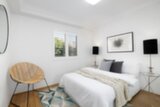 77/115 Constitution Road, Dulwich Hill - Thumbnail 8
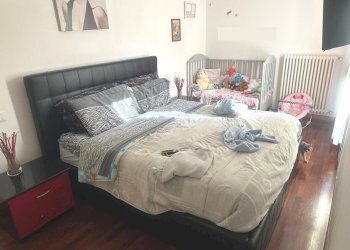 Appartamento Massa Lombarda - foto 14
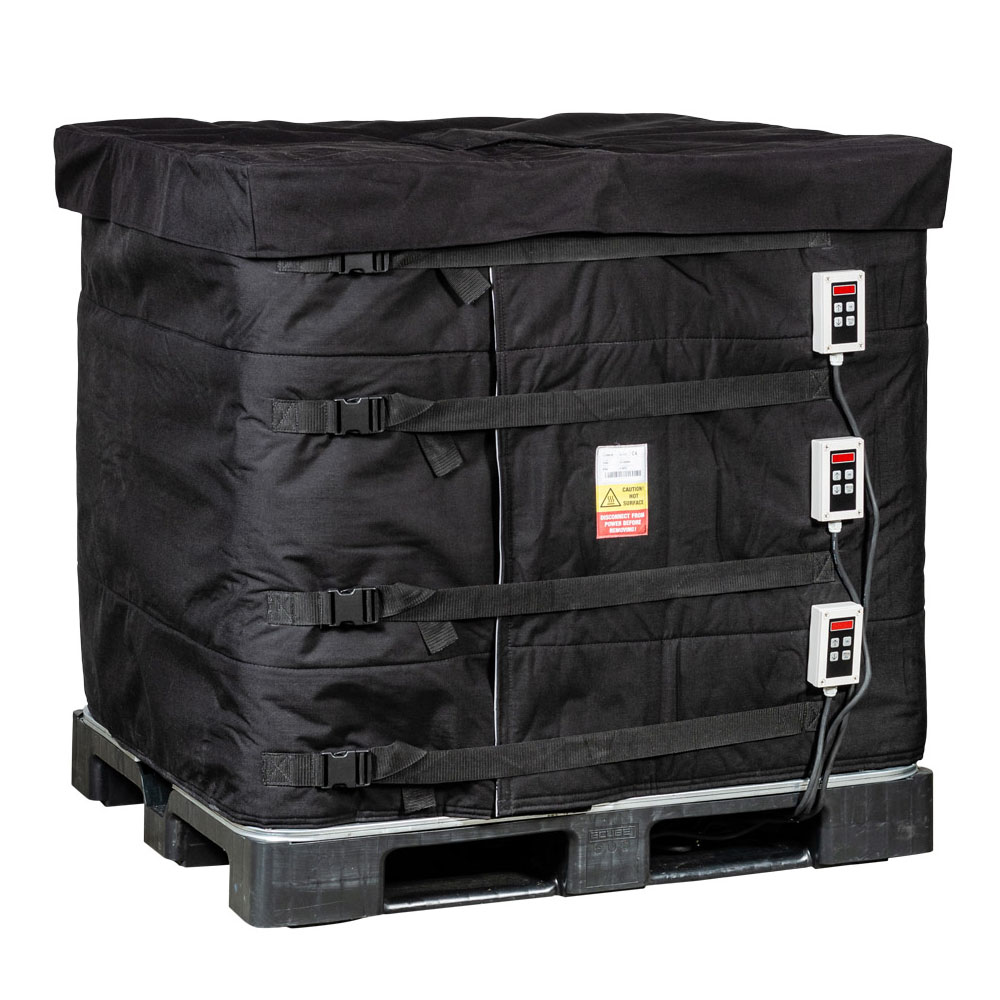 ibc-3-zone-2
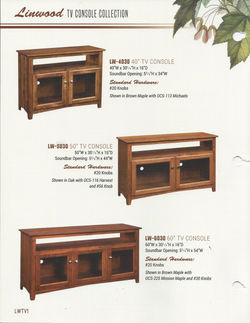 Console5
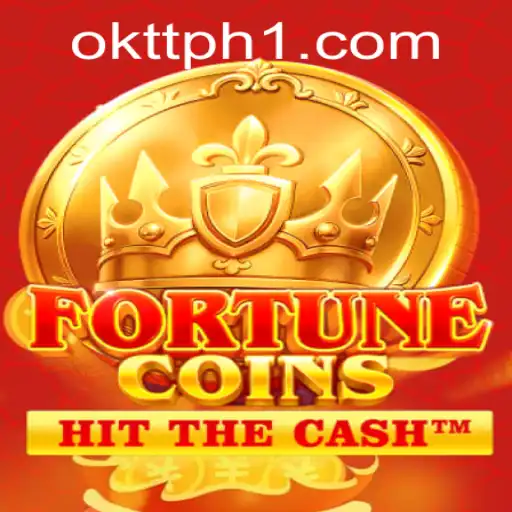 Exploring the Vibrant World of FortuneCoins: A Unique Gaming Experience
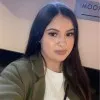 Janet Aguirre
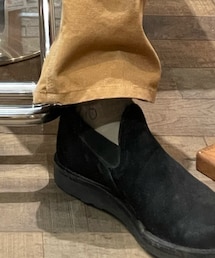 STANCE | ソックス/靴下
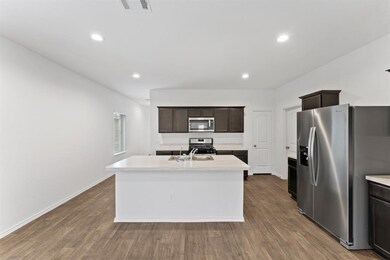 16687 Lonely Pines Dr, Conroe, TX 77302 - photo 6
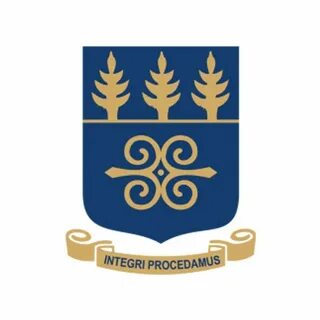 Upload wikimedia org wikipedia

▸ Directions for this task
Restate exactly, and only, the lines from the one that holds "16687 Lonely Pines" down to the last line of the material above. Omit the pictures.

▸ Exercise result
 16687 Lonely Pines Dr, Conroe, TX 77302 - photo 6
 Upload wikimedia org wikipedia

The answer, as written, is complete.